→ TASK DESCRIPTION: Search the records for the word "icon" and report each line that has it.

######

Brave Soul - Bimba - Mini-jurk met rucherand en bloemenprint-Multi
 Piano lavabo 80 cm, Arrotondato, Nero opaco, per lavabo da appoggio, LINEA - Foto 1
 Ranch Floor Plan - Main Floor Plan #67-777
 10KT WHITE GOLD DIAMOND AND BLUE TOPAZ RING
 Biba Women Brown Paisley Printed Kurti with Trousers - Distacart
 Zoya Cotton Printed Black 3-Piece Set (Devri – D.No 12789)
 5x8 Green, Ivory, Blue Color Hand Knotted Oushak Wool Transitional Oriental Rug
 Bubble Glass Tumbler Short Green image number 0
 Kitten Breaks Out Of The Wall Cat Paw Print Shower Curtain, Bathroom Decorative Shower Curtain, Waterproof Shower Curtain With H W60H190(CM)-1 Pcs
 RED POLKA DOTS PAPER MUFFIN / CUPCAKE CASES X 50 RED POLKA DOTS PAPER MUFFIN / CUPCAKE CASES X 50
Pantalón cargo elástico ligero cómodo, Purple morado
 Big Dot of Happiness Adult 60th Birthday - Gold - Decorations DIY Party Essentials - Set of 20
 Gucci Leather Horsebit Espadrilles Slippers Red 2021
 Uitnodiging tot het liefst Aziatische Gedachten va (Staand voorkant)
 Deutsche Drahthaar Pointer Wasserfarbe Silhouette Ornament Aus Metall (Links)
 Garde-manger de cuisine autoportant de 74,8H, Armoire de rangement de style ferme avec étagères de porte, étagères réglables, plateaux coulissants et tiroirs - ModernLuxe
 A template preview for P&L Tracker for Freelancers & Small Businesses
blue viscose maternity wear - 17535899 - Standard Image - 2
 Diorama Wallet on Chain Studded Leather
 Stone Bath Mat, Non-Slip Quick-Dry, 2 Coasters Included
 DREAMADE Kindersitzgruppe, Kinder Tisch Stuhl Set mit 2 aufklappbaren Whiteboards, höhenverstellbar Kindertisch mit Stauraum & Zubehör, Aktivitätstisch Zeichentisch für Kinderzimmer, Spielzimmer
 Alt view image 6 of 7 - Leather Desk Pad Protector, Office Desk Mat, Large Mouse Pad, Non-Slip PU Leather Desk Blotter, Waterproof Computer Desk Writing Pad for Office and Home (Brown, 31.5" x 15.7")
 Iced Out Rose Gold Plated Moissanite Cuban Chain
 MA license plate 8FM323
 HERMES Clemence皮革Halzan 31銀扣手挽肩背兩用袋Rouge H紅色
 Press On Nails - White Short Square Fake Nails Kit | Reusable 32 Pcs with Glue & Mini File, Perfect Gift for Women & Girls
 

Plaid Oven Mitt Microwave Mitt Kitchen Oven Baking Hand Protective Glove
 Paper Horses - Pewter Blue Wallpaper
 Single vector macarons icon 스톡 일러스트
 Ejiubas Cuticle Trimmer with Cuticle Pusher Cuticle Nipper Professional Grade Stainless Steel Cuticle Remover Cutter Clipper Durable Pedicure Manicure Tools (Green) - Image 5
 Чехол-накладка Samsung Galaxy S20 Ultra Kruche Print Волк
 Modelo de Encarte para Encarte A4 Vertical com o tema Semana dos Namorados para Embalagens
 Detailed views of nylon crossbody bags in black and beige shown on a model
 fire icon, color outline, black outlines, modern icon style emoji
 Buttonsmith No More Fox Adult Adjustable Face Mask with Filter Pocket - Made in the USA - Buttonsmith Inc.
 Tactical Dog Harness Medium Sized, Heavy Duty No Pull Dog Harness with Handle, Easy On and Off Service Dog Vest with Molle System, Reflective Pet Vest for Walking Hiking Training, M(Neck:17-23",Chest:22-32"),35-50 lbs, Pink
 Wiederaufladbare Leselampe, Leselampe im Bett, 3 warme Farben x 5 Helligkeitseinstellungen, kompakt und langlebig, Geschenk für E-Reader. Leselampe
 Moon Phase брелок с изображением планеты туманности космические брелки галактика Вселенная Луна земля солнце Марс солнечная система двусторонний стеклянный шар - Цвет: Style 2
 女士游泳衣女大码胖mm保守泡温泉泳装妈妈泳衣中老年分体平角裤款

######

→ ANSWER TO THE EXERCISE:
 Single vector macarons icon 스톡 일러스트
 fire icon, color outline, black outlines, modern icon style emoji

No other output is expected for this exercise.